Brendan Nyhan

Why liberal blogs can hurt Democrats

Newsweek’s new article on Daily Kos includes a useful discussion of how liberal blogs like Kos could actually hurt Democrats:

[S]ome Dems fear that Moulitsas’s popularity will pull the party so far to the left that it won’t be able to win the general election in 2008. “It’s a little bit like ‘Invasion of the Body Snatchers’ with these guys,” said an aide to a Democratic presidential candidate who asked not to be identified while the boss was angling for Moulitsas’s support. “You like what they’re saying when they’re coming in, but you don’t know what they’re going to do once you let them into your house.” Newt Gingrich, who wins points even from liberal bloggers for his political acumen, marvels at the Democrats’ embrace of the blogosphere: “Candidates out there run a risk of resembling the people they’re trying to appeal to,” he tells NEWSWEEK. “I think the Republican Party has few allies more effective than the Daily Kos.”

Online liberal activists like Kos often compare the function of their blogs to the way Republicans use talk radio: to inspire the troops, do rapid reaction, spread an ideological message, etc. But there’s a key difference that the two quotes above highlight perfectly.

Talk radio largely exists in a media vacuum. Reporters ignore it and few transcripts are made of what is said (for instance, Spinsanity basically had a monopoly on the Rush Limbaugh beat until Media Matters was founded). So Republicans can push a more extreme, base-inspiring message to their supporters through talk radio, while appearing relatively moderate to the general public. And they rarely get punished for what their talk radio supporters say on the air.

By contrast, blogs live forever in Google and are read by journalists, so Democratic politicians can’t push a more extreme message effectively. In addition, the transparency of blogs means that bloggers’ extremist statements are frequently made into political issues. This forces Democratic politicians into a dilemma: repudiate their blog supporters (as John Kerry did when Kos attacked the military contractors who were killed in Fallujah), or stand behind the blog and look like an extremist. That’s what the Democratic aide is referring to when he says that “you don’t know what they’re going to do once you let them into your house.”
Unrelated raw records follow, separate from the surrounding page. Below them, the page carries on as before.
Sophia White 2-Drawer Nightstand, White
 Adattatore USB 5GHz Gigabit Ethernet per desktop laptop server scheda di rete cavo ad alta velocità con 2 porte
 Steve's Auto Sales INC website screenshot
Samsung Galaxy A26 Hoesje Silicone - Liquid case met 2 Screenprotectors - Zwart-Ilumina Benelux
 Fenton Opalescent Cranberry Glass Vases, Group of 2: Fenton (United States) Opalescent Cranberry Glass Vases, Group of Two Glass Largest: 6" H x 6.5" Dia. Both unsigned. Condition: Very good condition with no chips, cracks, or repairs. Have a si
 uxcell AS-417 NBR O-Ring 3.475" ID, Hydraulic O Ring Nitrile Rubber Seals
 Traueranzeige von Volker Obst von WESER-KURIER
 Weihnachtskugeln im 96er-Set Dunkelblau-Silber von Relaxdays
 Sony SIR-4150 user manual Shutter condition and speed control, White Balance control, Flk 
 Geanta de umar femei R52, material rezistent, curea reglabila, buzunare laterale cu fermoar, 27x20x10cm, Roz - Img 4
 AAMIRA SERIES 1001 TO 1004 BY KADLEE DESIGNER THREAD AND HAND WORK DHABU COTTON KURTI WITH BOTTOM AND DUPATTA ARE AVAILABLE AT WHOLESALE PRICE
The model that underlies this argument is spatial voting, which portrays voters as choosing the candidate who is closest to them ideologically. As political scientists have made such models more complex, they have explored how politicians might present different ideological locations to different audiences, suggesting that they are more extreme to activists and more moderate to the general public. But this tactic only works if the general public does not find out about what the politicians say to the activist audience. Otherwise, the candidate may be punished for deception or extremism. Similarly, if the politician associates with extremist activists, the public may view the politician herself as more extreme.

Unlike talk radio, blogs don’t allow Democrats to push two separate messages effectively, and they make it easy for Republicans and journalists to make Democrats look extreme. In short, they’re too transparent to be an effective political weapon. That’s why Newt Gingrich likes Daily Kos. How long until Democratic politicians figure this out?